APF has been enabled in OpenShift since version 4.5. In this post, we will examine how OpenShift utilizes APF to protect the control plane. We will also be going over some configuration, metrics and debugging endpoints that will aid you in making APF works for your OpenShift cluster.
What Is APF
Prior to APF, the API server uses the --max-requests-inflight and --max-mutating-requests-inflight command-line flags to regulate the volume of inbound requests. The only distinction that this implementation can make is whether the requests are mutating ones or not. They can’t, for example, ensure that lower priority traffic doesn’t overwhelm the critical ones as described in this issue.
By classifying requests into flows and priorities, APF manages and throttles all inbound requests in a prioritized and fair manner.

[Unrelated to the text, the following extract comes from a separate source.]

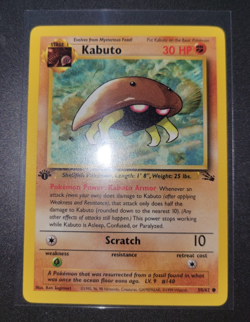 Pokemon TCG Kabuto Fossil 1st Edition Common 50/62 Moderate Play MP - Image 1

With APF enabled, all incoming requests are evaluated against a set of flow schemas. Every request will be matched with exactly one flow schema, which assigns the request to a priority level. When requests of a priority level are being throttled, requests of other priority levels remain unaffected.
To further enforce fairness among requests of a priority level, the matching flow schema associates requests with flows, where requests originating from the same source are assigned the same flow distinguisher.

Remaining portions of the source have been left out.